Here, we present DRUMS (Disk Repository with Update Management and Select option), satisfying demands (i)-(iii). It tackles the weaknesses of traditional databases while handling position-specific DNA-related data in an efficient manner. DRUMS is capable of storing up to billions of records. Moreover, it focuses on optimizing relating single lookups as range request, which are needed permanently for computations in bioinformatics. To validate the power of DRUMS, we compare it to the widely used MySQL database. The test setting considers two biological data sets. We use standard desktop hardware as test environment.
DRUMS outperforms MySQL in writing and reading records by a factor of two up to a factor of 10000. Furthermore, it can work with significantly larger data sets. Our work focuses on mid-sized data sets up to several billion records without requiring cluster technology. Storing position-specific data is a general problem and the concept we present here is a generalized approach. Hence, it can be easily applied to other fields of bioinformatics.
KeywordsDatabase HERV SNP DNA related data High throughput data
With the beginning of the information age in the 90s of the last century, a large set of processes are established to manipulate and analyze data. In particular in the field of bioinformatics, many different workflows produce a growing amount of data. One example are sequencing technologies, which are capable of sequencing an entire human genome in less than a day. Moreover, extensive software suites for analyzing biological data sets exist, e.g. http://galaxy.psu.edu/[1–3]. In addition, it is possible that an analyzing process produces more output data than provided input. For example, the input size of the HERV data set used in this work is about 4 GB. The output of the mapping with BLAST is about 50 GB large. Hence, rapid processes for storing and querying data are needed as it has impact on the general performance of the analytic processes.
Position-specific DNA related data (psDrd)
In the field of bioinformatics, data related to DNA sequences are of particular importance.
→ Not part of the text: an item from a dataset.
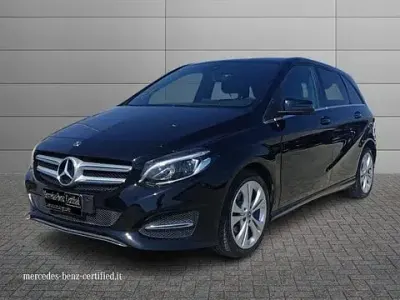 Usata Mercedes 180 109 CV (80 kW) 2018 Nero Berlina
Examples are single nucleotide polymorphisms (SNPs) , transcription factor binding affinities and probabilities [5, 6], and RNAseq data [7, 8]. We generalize these types of data by the term position-specific DNA-related data (psDrd). A psDrd record is an information related to a specific DNA position. psDrd records have three characteristics. First, a psDrd record R can be represented by a key-value pair R=(K,V). The key K is composed of the sequence identifier and the position of the associated value V. Hence, the key is unique, and records can be easily sorted. Second, psDrd records are usually requested by region (e.g., querying for all mutations in a specific gene or looking for transcription factors that are binding near a given position). We call this kind of access range select. Third, all psDrd of the same kind need the same space to be stored on device, i.e., two different records are represented by the same number of bytes. In contrast, textual annotations are generally of variable length. These three specific properties can be utilized for optimizing data handling of psDrd.
Time- and resource-intensive computations on psDrd
Many biological processes and bioinformatics algorithm have psDrd as input or output. This type of data is essential for understanding biological and biochemical processes. Furthermore, diagnostics in medicine for cancer prediction and genetic diseases are using psDrd[9–11].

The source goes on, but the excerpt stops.